在那些没用上的稿子里,我很清楚地记得有于兰的一篇谈普鲁斯特的。感情真诚,文字细腻而从容。我还很清楚记得的是,那篇稿子于兰是工工整整地抄写在几页学生作文纸上的,而不是普通的投稿用纸。我跟那位散文家谈起于兰的文章,他很动情地告诉我于兰生活在高唐乡下,但她一直很认真地坚持着阅读和写作。其实那个时候甚至之后的很多年,我对于兰的了解就限于这些。只是她的那篇手抄的文章我和其他没能用得上的稿子一起保留了下来,和我的一些旧书信一起,正压在我书橱的某个角落里。可能是基于这些印象,在我的想像里,于兰一直是个扎着两条小辫的乡下女孩的样子。
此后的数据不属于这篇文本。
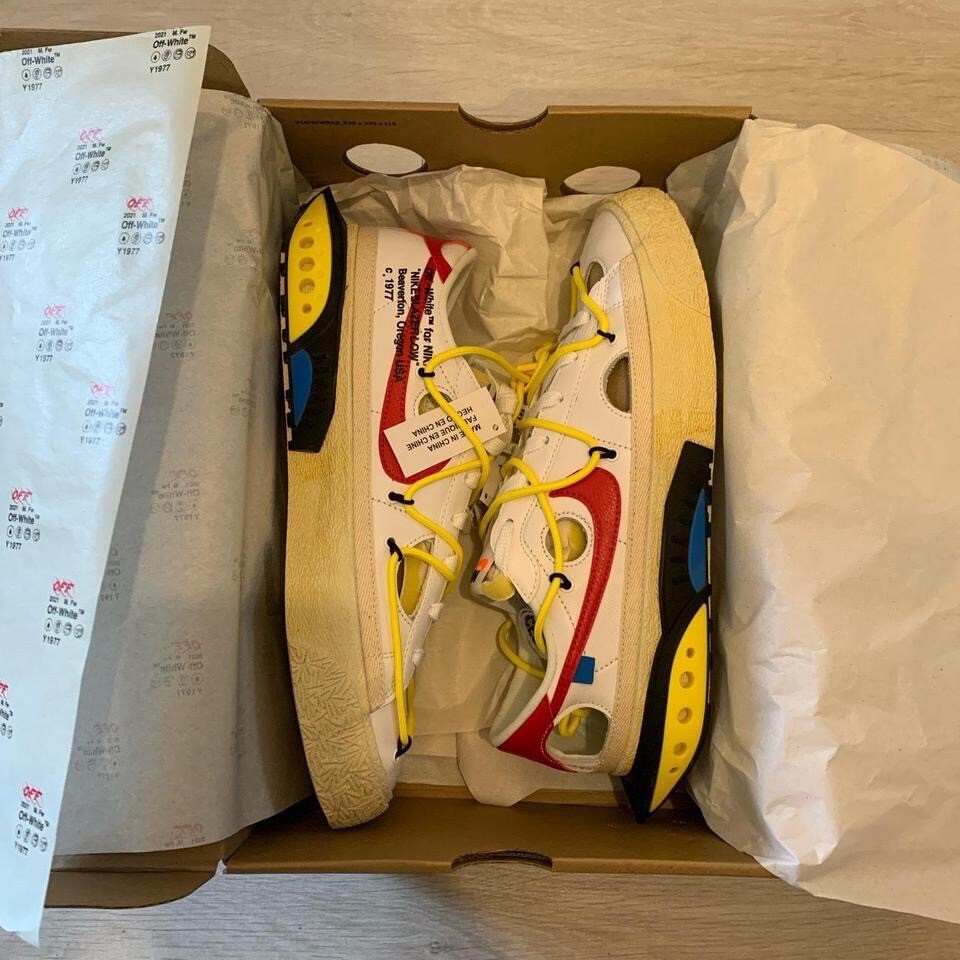 OFF WHITE X NIKE Nike Blazer Low '77 x bianco sporco rosso universitario taglia 8 5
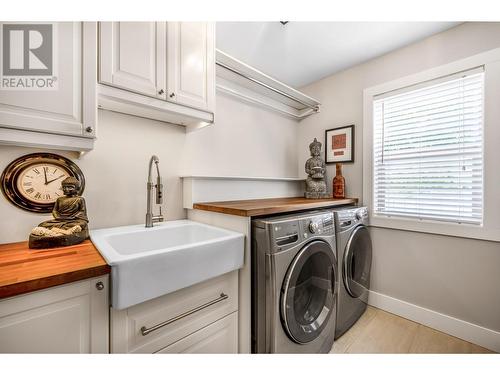 2521 Quail Place, Kelowna, BC - Indoor Photo Showing Laundry Room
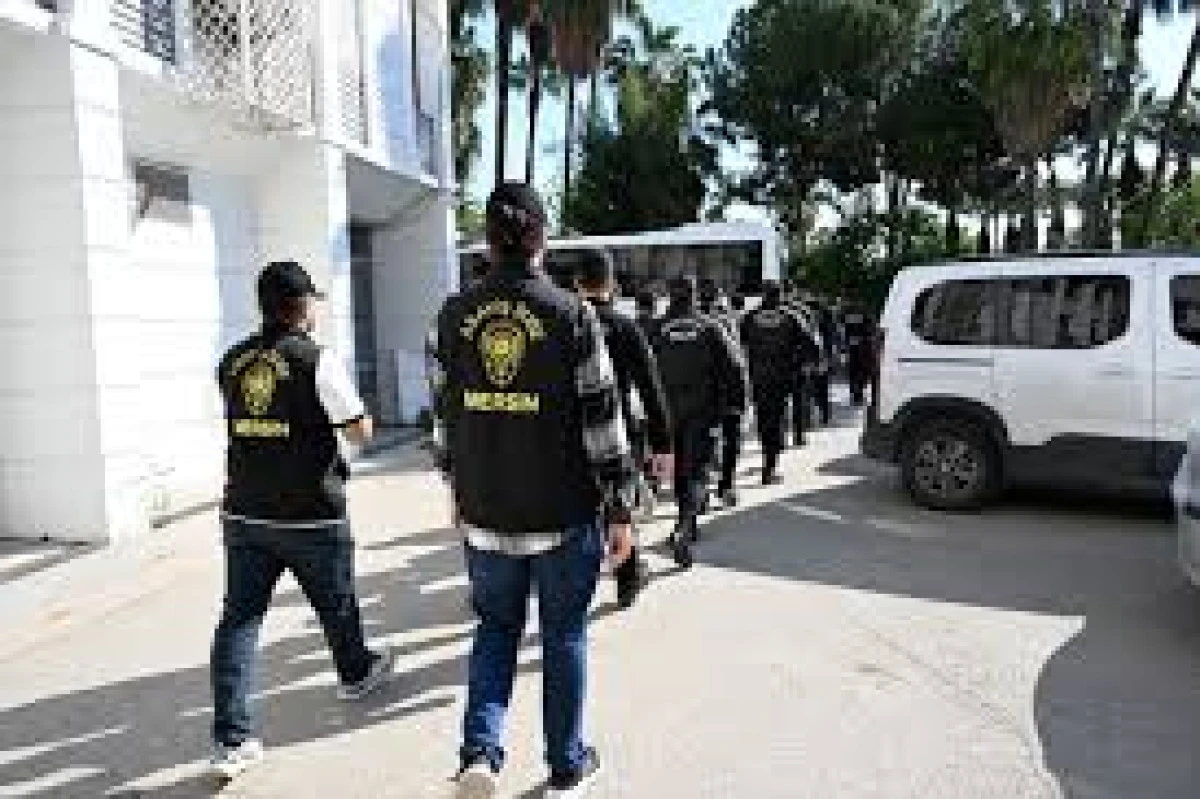 İş Vaadiyle Dolandırıcılık Yapan 7 Zanlı Tutuklandı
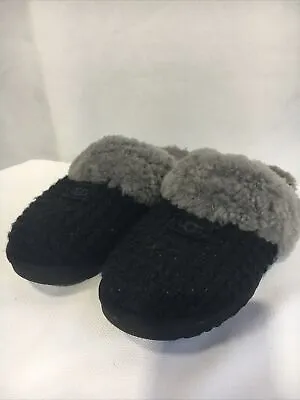 UGG Women Cozy Slipper Black Size 8 USED . See The Pictures. • $25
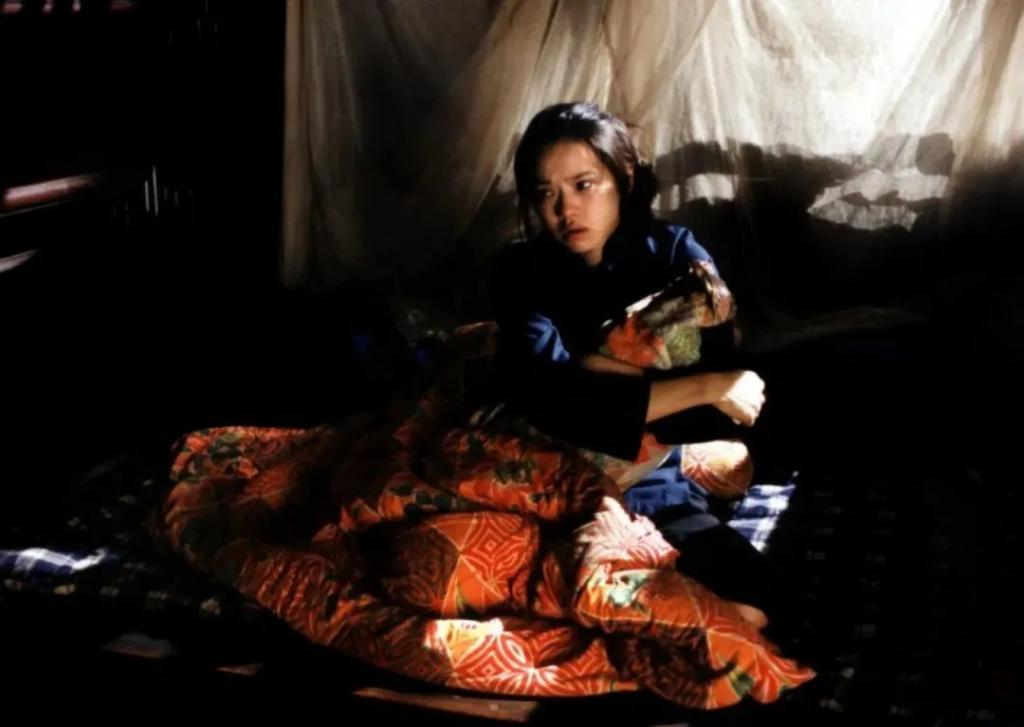 直播间里，伊能静贩卖自己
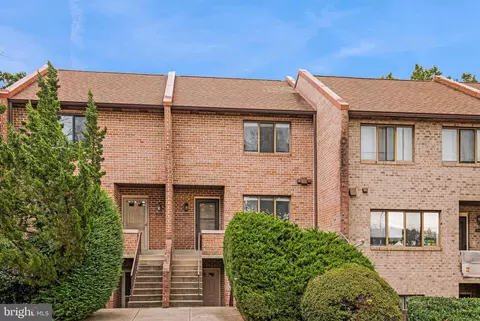 3713 A Madison Ln, Falls Church, VA 22041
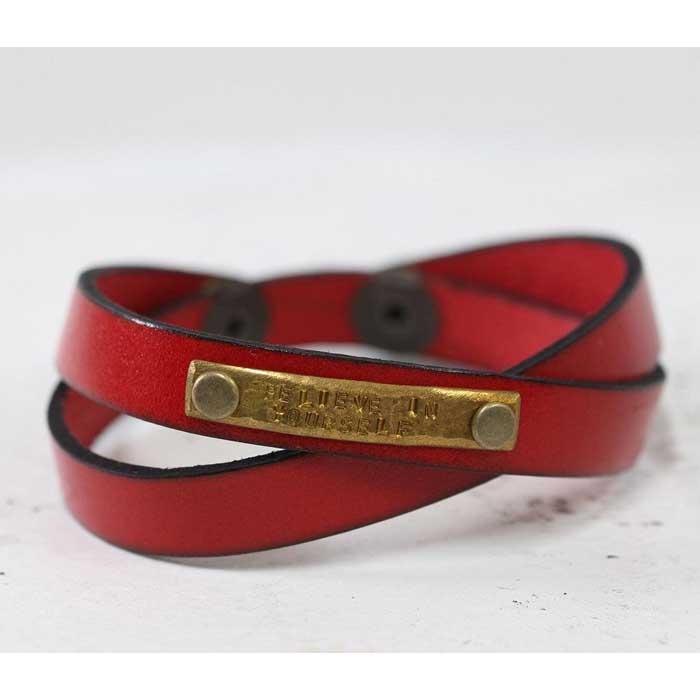 レザーブレスレット 格言メッセージが刻まれたプレート付き 牛革　イタリアンレース　レザーカラー：赤　WL003-赤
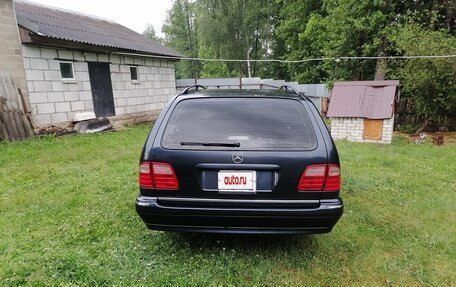 Mercedes-Benz E-Класс, 1997 год, 560 000 рублей, 5 фотография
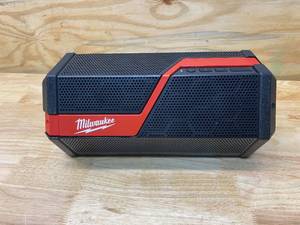 lot 120 image: MILWAUKEE M18M12 Lithium-Ion Cordless Wireless Jobsite Speaker (Tool Only)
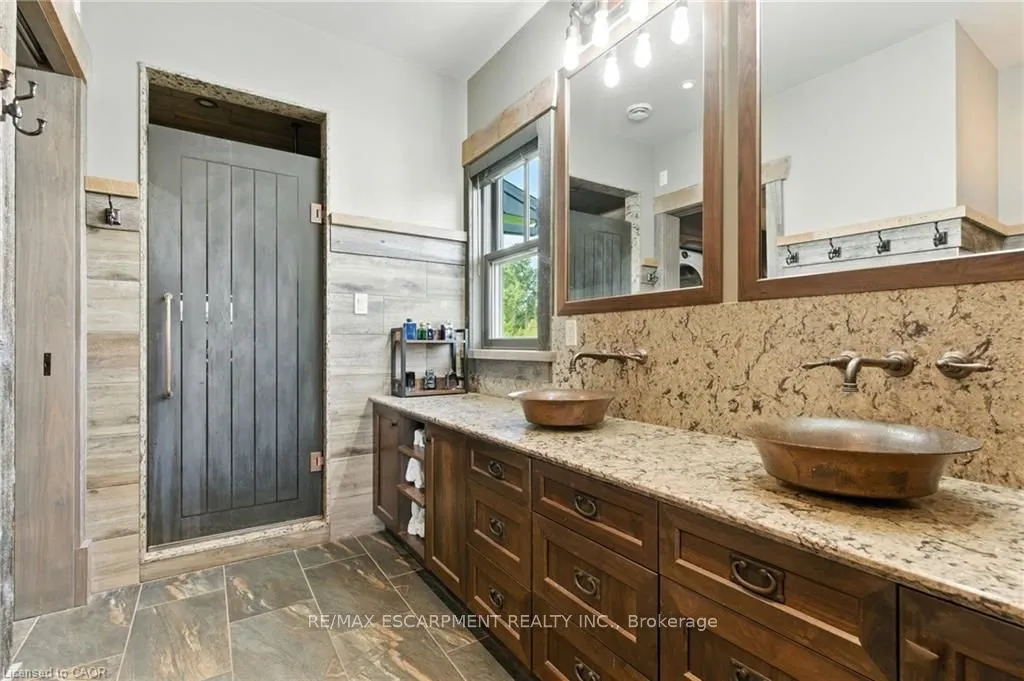 437 6th Concession Road E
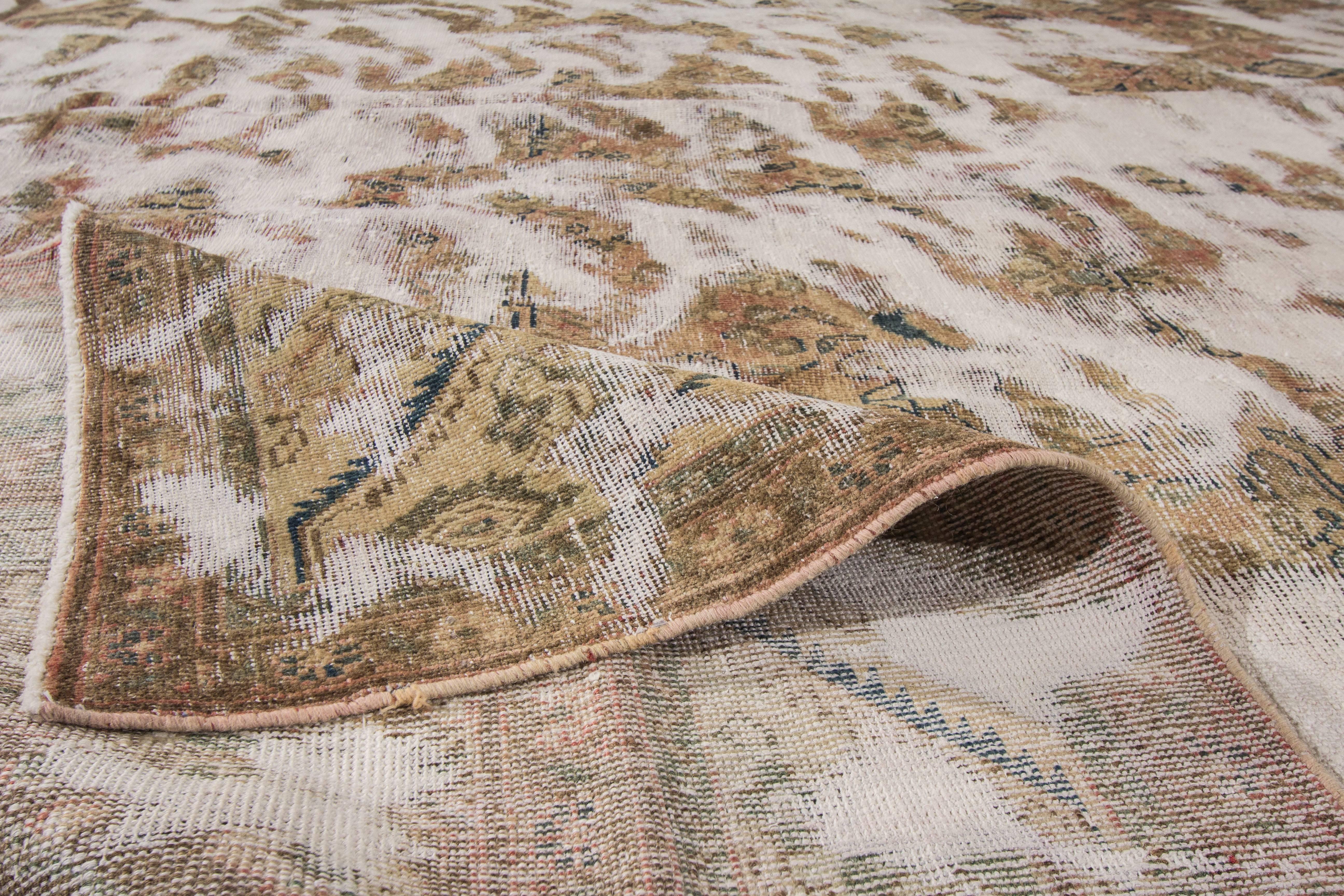 Dieser wunderschöne persische Täbriz-Teppich mit handgeknüpftem Muster wird Ihren Boden verschönern. Diese Collection'S ist aus Wolle gefertigt. Dieser Teppich aus Täbris zeigt ein Muster, das aus einem zentral angeordneten Medaillon besteht, das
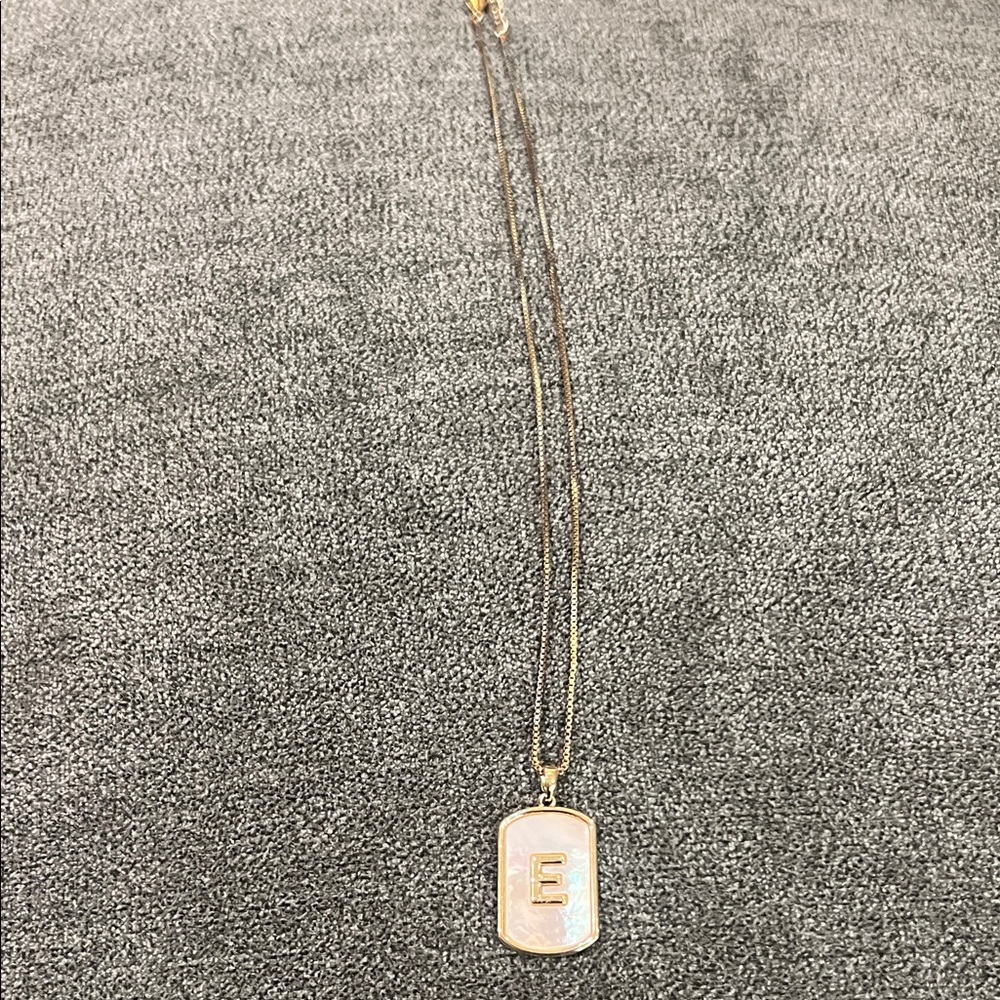 Pure Sliver with E Pendant on mother pearl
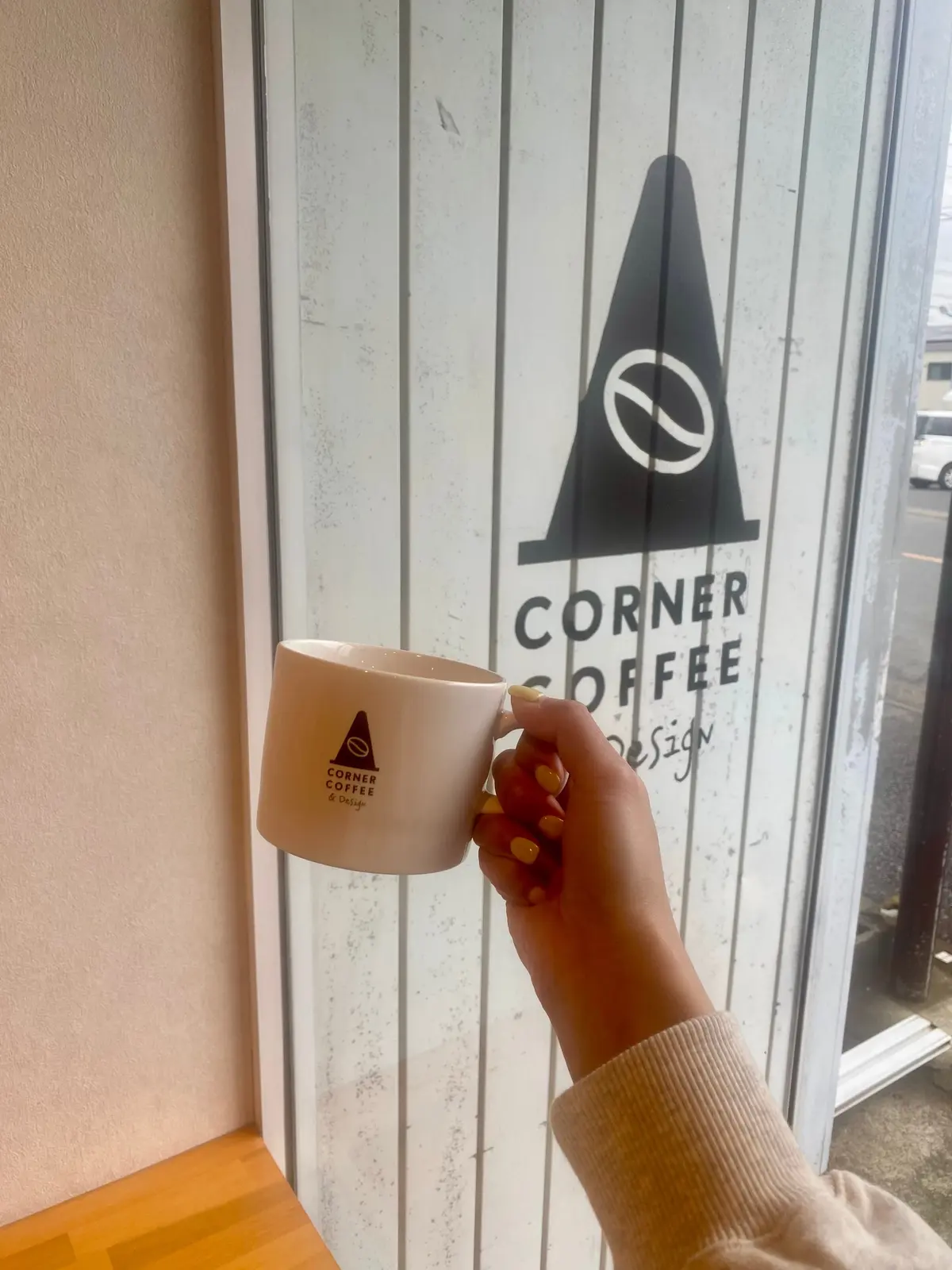 平塚のCORNER COFFEE & Designのロゴ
不知道为什么,这个想像会很固执,固执地跟随了我很多年。直到不久前的见面,事实已经彻底击碎了我的这个想像,我还是不能改变。
后来初涉网络的时候,在故乡网玩。那里有个“乡土中国”栏目,于兰在那里的“孔孟之乡”分栏做版主。虽然在那里玩的也热闹,但我的活动范围基本限于“读书吧”,所以也没怎么去于兰的栏目玩过,记得好像只发过一帖,还是朋友曾把我的一个帖子转到过她那里,我也说不清了。于兰跟帖说过一些问候的话,我出于礼貌回复了她的问候。这也是这些年里,我与于兰唯一的一次对话。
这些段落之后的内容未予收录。